The development came by way of his good friend, Mary Wing, whom Charles reached at last with a certain sense of making port. Miss Wing, it must be known, was the assistant principal of the great City High School, where no woman had ever been before her, where she herself had arrived only after eight years' incessant battling upward. She was also, this long time, president of the State Branch of the National League for Education Reform, with the prospect of presently mounting far higher, to nothing less, if you please, than the General Secretaryship of that rich and powerful body. Considering her history and her exploits, it seemed that she should have been six feet tall, with a gaze like a Gorgon and a jaw like Miss Hodger's. But Mary Wing was actually a slight and almost fragile-looking creature, with quite girlish blue eyes in a colorless face that wore an air of deceptive delicacy.

She was two months older than her friend, Mr. Garrott, which made her thirty in December. And she was undoubtedly the most distinguished person in that strident room, not excepting (at the present writing) Mr. Garrott himself.

The assistant principal was discovered leaning against a bookcase, eating sandwiches in large bites, two bites to a sandwich, and paying no attention to the earnest talk of the group she seemed to belong to. "It must be the effect of speaking," she said to Garrott. "I'm ravenous. But goodness, there's no nourishment in these little paper things." And almost at once she demanded, firm as a Redmantler, if he had ever been to call on Dr. Flower; some cousin or other of hers, this was, who (through her connections in the educational world) had lately taken an appointment as lecturer at the Medical School.

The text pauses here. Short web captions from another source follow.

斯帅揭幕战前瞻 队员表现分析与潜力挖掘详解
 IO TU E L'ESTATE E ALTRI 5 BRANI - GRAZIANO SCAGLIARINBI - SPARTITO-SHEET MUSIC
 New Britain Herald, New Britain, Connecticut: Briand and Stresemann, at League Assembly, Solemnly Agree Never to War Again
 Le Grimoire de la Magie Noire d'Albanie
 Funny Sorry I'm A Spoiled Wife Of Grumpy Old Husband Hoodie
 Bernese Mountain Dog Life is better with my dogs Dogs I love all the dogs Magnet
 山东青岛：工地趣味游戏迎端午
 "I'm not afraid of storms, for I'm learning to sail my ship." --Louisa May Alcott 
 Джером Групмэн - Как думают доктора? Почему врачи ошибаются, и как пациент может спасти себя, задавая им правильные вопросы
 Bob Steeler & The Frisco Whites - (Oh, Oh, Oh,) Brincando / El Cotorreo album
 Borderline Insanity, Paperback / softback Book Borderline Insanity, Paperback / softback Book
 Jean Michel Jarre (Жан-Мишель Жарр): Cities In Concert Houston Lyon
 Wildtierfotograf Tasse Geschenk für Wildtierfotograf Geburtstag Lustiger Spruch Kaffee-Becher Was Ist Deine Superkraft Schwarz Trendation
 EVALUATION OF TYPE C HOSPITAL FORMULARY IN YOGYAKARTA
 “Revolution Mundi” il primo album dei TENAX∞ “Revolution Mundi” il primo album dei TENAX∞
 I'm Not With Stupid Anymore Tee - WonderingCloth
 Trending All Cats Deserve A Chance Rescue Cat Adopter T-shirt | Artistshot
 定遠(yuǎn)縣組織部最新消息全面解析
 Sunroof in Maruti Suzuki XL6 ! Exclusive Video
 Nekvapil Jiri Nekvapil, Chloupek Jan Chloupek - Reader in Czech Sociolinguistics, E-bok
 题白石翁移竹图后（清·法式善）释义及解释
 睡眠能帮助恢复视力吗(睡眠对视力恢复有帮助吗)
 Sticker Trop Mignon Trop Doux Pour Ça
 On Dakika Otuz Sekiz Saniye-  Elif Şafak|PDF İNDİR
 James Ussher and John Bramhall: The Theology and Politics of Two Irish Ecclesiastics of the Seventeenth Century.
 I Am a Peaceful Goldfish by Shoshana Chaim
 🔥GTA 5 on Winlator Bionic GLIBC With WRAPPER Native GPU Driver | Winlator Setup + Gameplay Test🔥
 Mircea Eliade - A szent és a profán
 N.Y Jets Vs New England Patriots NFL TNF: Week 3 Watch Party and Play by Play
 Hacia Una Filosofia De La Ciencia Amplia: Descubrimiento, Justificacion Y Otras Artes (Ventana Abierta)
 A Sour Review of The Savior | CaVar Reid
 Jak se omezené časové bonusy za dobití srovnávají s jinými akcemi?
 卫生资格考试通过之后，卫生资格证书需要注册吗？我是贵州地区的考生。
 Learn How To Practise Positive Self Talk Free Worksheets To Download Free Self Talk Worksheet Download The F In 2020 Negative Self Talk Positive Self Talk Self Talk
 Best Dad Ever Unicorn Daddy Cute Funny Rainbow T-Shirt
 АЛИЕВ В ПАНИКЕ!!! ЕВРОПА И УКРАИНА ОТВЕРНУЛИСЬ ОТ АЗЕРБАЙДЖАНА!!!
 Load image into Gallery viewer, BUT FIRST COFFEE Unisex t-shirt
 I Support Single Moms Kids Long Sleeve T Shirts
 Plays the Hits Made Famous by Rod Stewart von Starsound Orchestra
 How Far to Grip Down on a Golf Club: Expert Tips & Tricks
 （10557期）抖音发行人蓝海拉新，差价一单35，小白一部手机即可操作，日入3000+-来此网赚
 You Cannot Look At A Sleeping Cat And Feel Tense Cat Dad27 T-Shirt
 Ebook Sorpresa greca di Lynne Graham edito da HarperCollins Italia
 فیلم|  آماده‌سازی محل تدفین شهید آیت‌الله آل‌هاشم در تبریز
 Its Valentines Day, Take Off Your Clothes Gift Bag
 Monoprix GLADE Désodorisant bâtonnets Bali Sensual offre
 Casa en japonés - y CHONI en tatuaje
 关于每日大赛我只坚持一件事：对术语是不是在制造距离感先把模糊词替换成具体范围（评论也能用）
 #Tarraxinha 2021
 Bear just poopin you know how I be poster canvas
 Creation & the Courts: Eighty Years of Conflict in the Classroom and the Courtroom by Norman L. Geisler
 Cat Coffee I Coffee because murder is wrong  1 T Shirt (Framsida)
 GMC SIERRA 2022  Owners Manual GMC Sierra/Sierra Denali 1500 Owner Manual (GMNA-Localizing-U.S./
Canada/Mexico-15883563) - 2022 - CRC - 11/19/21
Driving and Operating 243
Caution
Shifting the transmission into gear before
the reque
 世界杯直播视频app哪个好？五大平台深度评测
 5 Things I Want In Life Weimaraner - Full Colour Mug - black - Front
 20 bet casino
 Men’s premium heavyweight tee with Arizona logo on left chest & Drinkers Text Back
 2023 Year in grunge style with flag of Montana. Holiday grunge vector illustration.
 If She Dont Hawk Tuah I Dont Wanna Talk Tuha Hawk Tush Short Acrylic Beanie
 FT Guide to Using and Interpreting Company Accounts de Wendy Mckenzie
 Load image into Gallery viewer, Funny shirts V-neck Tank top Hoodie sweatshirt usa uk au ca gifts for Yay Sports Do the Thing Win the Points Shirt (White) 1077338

Charles had agreed to call on this worthy, it seemed, but naturally he hadn't done so.

She chided him for his remissness. It was a mild enough reproof, in all conscience; yet it was at that moment that he, with his diagnostic tendency, caught himself eyeing Mary Wing critically, as if she were any other Redmantler. And then he seemed to become aware that, without knowing it exactly, he must have been eyeing Mary Wing critically for some time past now.

"He'll need some patients, too, to eke out. I must look into that," said she, popping the second half of a sandwich into her mouth. "I suppose you don't know anybody who intends to be sick soon, in a costly way?"

He shook his head. He himself, he intimated, had no idea of getting sick merely to oblige her rural cousins.

"What does that girl do?" he added, almost irritably. "Didn't you tell me there was a girl, twenty-five years old? Why doesn't she work, and eke out?"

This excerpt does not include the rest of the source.